What you are seeing is normal behavior for Elasticsearch aggregations (actually, pretty good performance given that you have 1 billion documents).
There are a couple of options you may consider: using a batch of filter aggregations, re-indexing with a subset of documents, and downloading the data out of Elasticsearch and computing the co-occurrences offline.
But probably it is worth trying to send those 10K queries and see if Elasticsearch built-in caching kicks in.
Let me explain in a bit more detail each of these options.
Using filter aggregation
First, let's outline what we are doing in the original ES query:
filter documents with create_time in certain time window;
filter documents containing desired tag dynamic_single_tag;
also filter documents who have at least one tag from the list fixed_set_tags_list;
count how many such documents there are per each month in certain time period.
The performance is a problem because we've got 10K of tags to make such queries for.
What we can do here is to move filter on dynamic_single_tag from query to aggregations:
POST myindex/_doc/_search
{
"size": 0,
"query": {
"bool": {
"filter": [
{ "terms": { ... } }
]
}
},
"aggs": {
"by tag C": {
"filter": {
"term": {
"tags": "C" <== here's the filter
}
},
"aggs": {
"by month": {
"date_histogram": {
"field": "created_time",
"interval": "month",
"min_doc_count": 0,
"extended_bounds": {
"min": "2019-01-01",
"max": "2019-02-01"
}
}
}
}
}
}
}
The result will look something like this:
"aggregations" : {
"by tag C" : {
"doc_count" : 2,
"by month" : {
"buckets" : [
{
"key_as_string" : "2019-01-01T00:00:00.000Z",
"key" : 1546300800000,
"doc_count" : 2
},
{
"key_as_string" : "2019-02-01T00:00:00.000Z",
"key" : 1548979200000,
"doc_count" : 0
}
]
}
}
Now, if you are asking how this can help the performance, here is the trick: to add more such filter aggregations, for each tag: "by tag D", "by tag E", etc.
The improvement will come from doing "batch" requests, combining many initial requests into one. It might not be practical to put all 10K of them in one query, but even batches of 100 tags per query can be a game changer.

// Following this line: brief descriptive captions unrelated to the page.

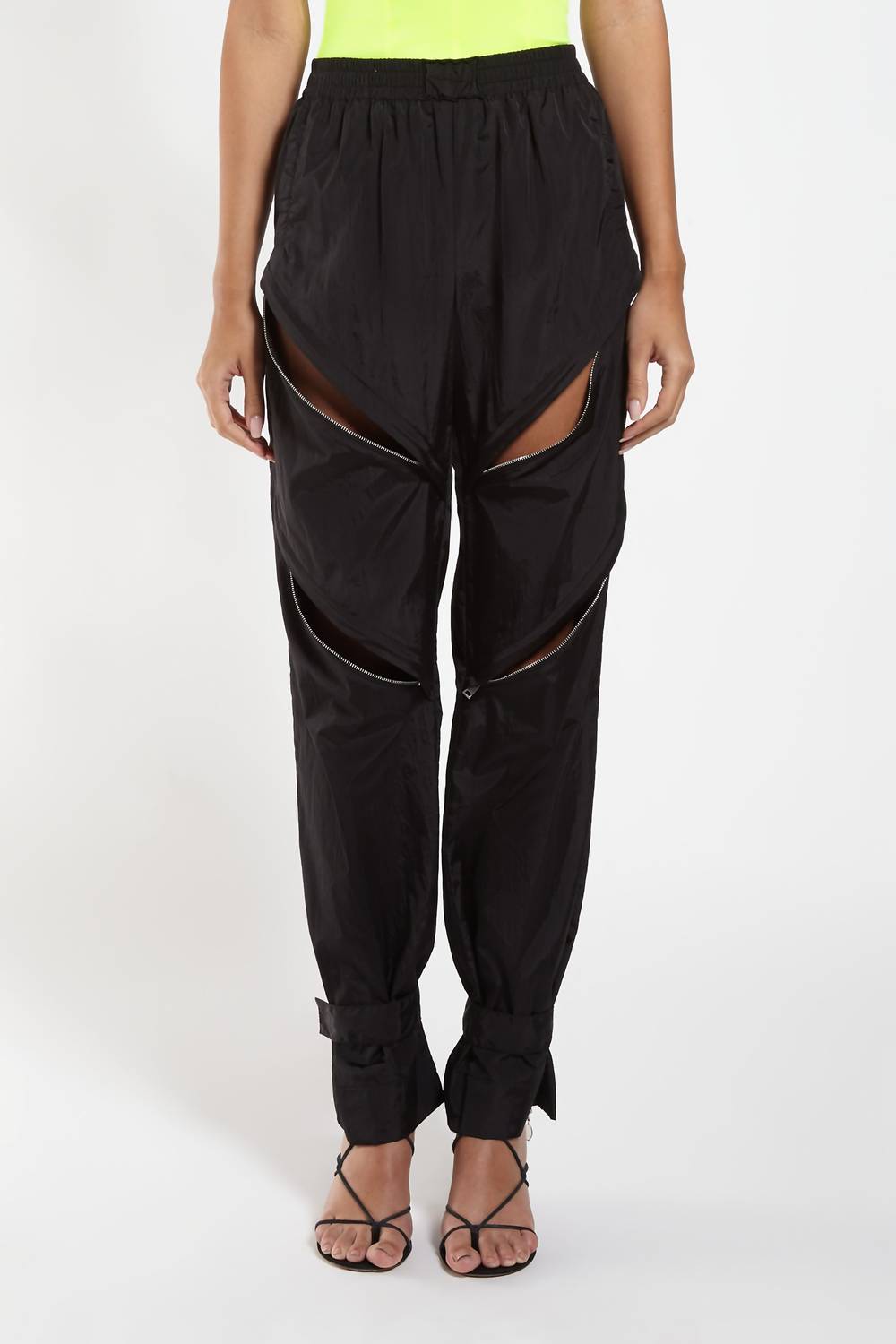 NADIA TROUSERS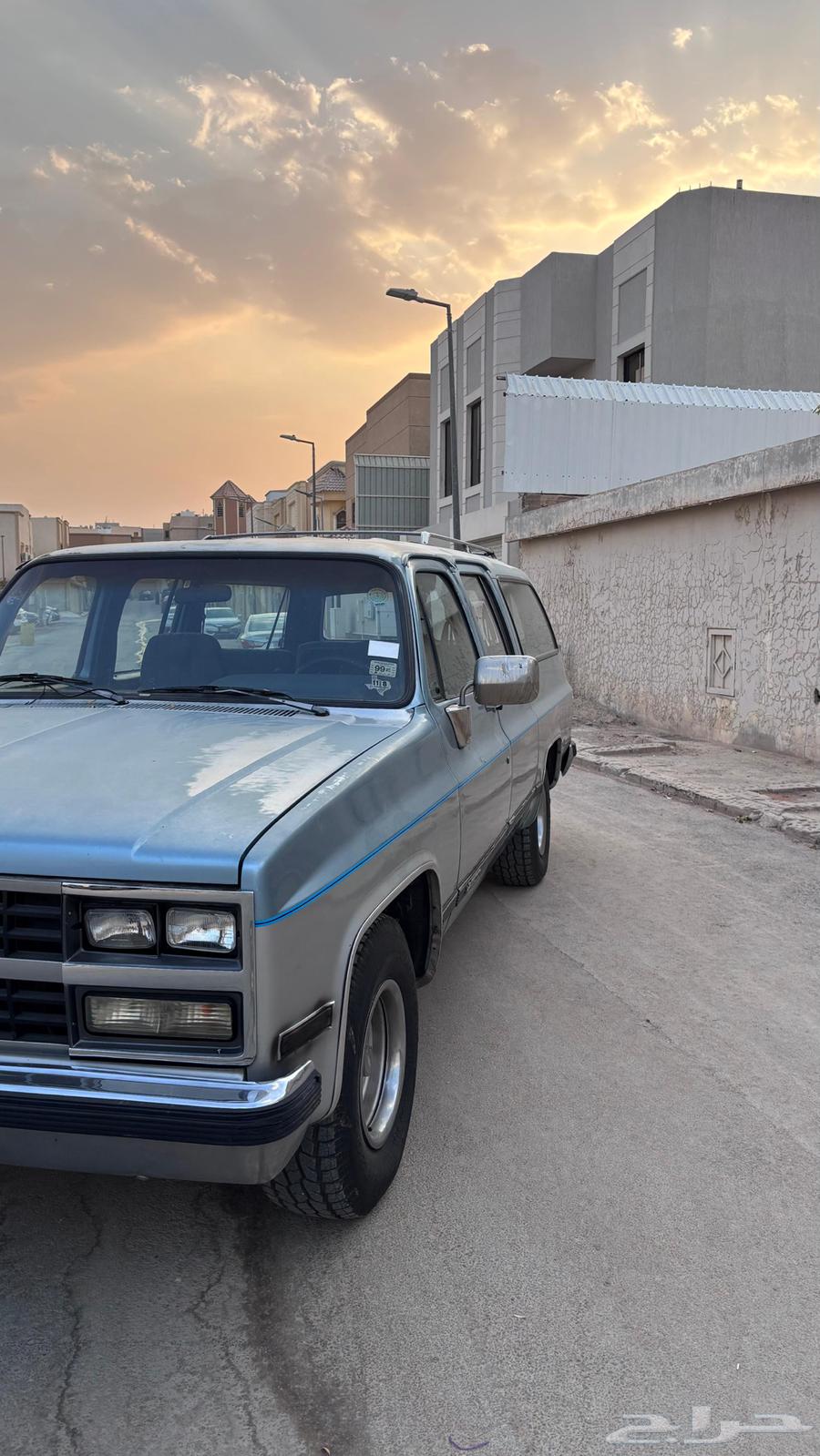 جمس سوبربان 8964458900792195114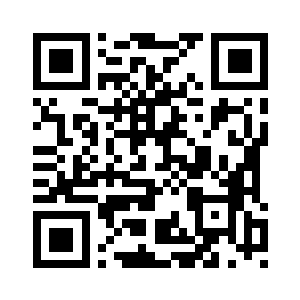 陶商嘴角扬起一抹自信的冷笑二维码生成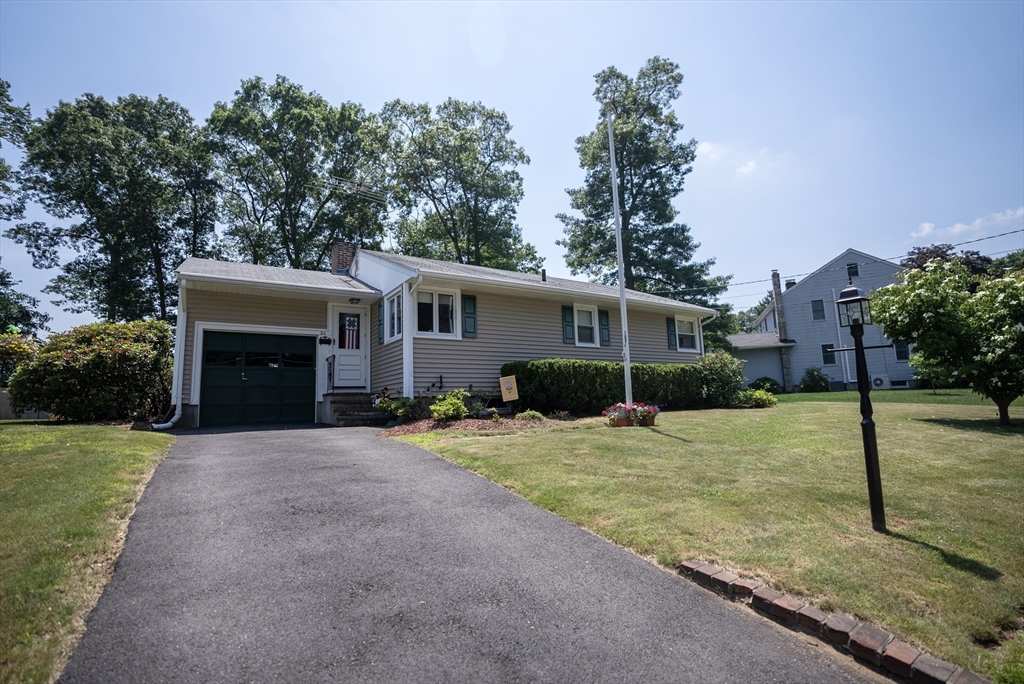 30 Gardner Road Easton, MA 02356 - Photo 26 of 41 Gallery Image 26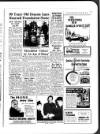 Coventry Evening Telegraph Monday 30 May 1960 Page 3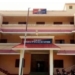 Sundaragada student suicide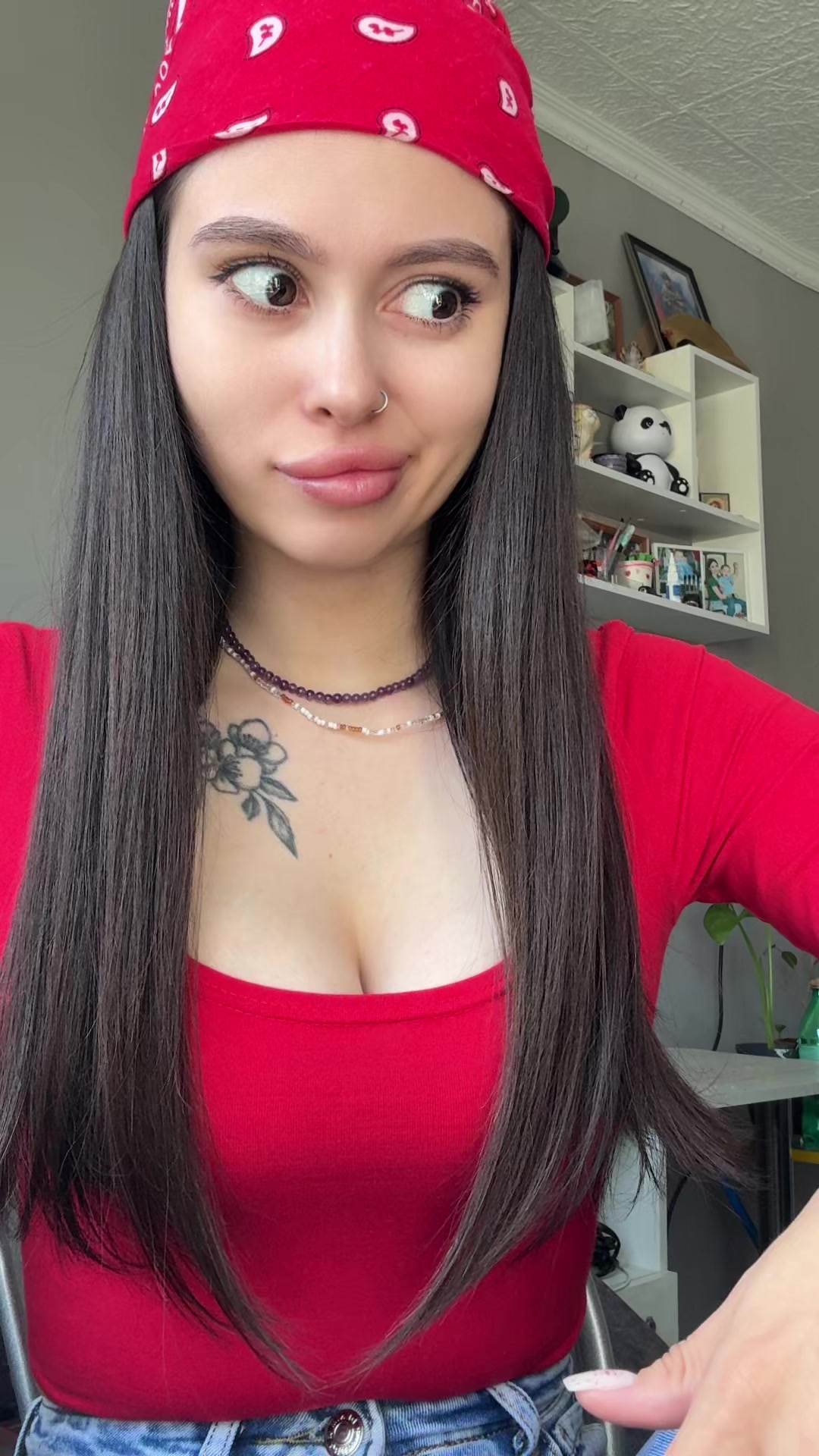 @N|A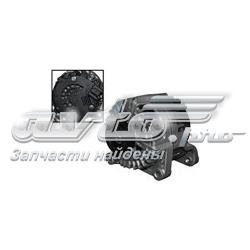 1490102800 JP Group alternador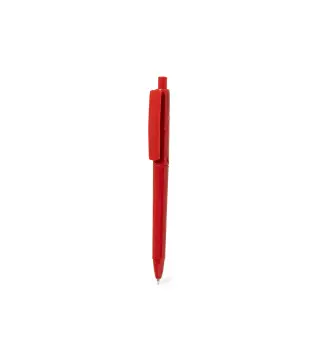Boligrafo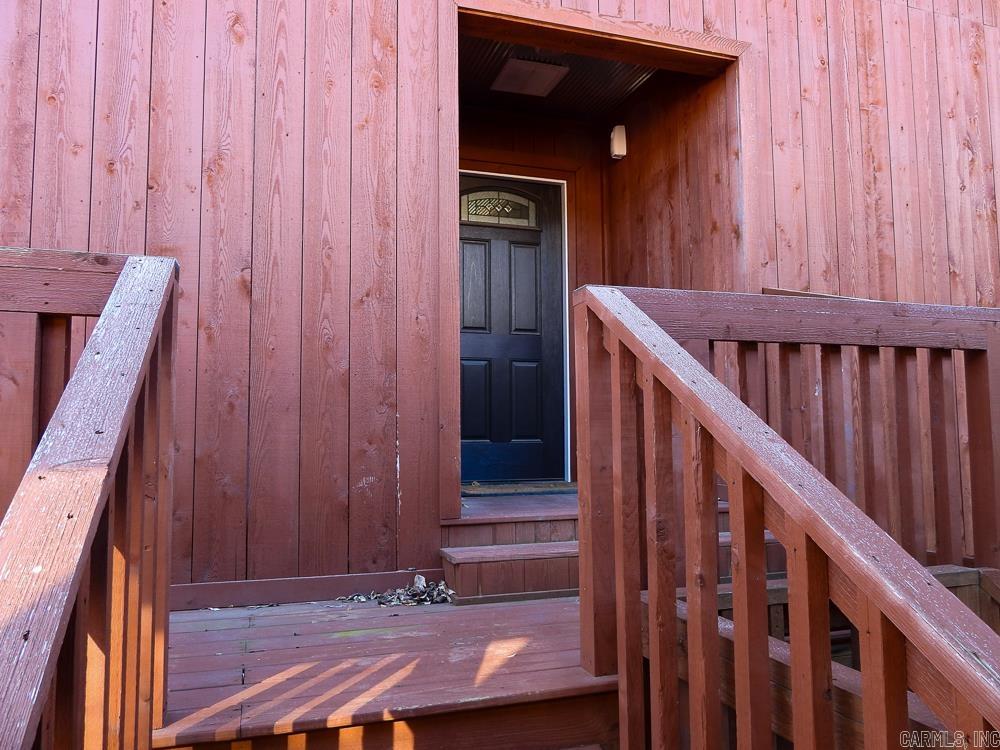 Photo 33 - Residential for sale – 0000  Saddler Falls   Mammoth Spring, AR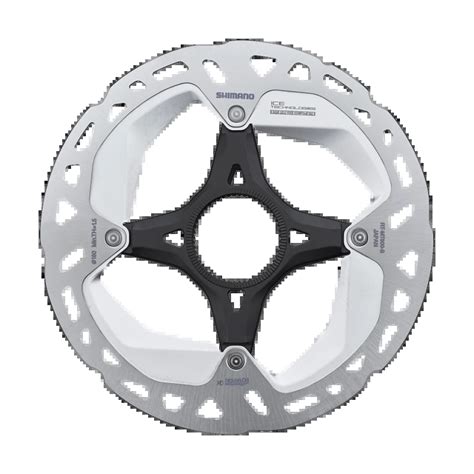 Shimano Rt Mt Disc Brake Rotor W Lock Ring Online Sell At Glory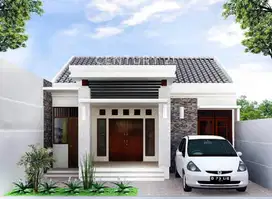 Test QC Apk 205 (221) 15.54 Rumah Daerah Pajajaran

(Side note: roughly the same behavior can be achieved via terms aggregation with include filter parameter.)
This method of course requires getting hands dirty and writing a bit more complex query, but it will come handy if one needs to run such queries at random times with 0 preparation.
re-index the documents
The idea behind second method is to reduce the set of documents beforehand, via reindex API. reindex query might look like this:
POST _reindex
{
"source": {
"index": "myindex",
"type": "_doc",
"query": {
"bool": {
"filter": [
{
"range": {
"created_time": {
"gte": "fixed_start_time",
"lte": "fixed_end_time",
"format": "yyyy-MM-dd-HH"
}
}
},
{
"terms": {
"tags": {
"index": "fixed_set_tags_list",
"id": 2,
"type": "twitter",
"path": "tag_list"
}
}
}
]
}
}
},
"dest": {
"index": "myindex_reduced"
}
}
This query will create a new index, myindex_reduced, containing only elements that satisfy first 2 clauses of filtering.
At this point, the original query can be done without those 2 clauses.
The speed-up in this case will come from limiting the number of documents, the smaller it will be, the bigger the gain. So, if fixed_set_tags_list leaves you with a little portion of 1 billion, this is the option you can definitely try.
Downloading data and processing outside Elasticsearch
To be honest, this use-case looks more like a job for pandas. If data analytics is your case, I would suggest using scroll API to extract the data on disk and then process it with an arbitrary script.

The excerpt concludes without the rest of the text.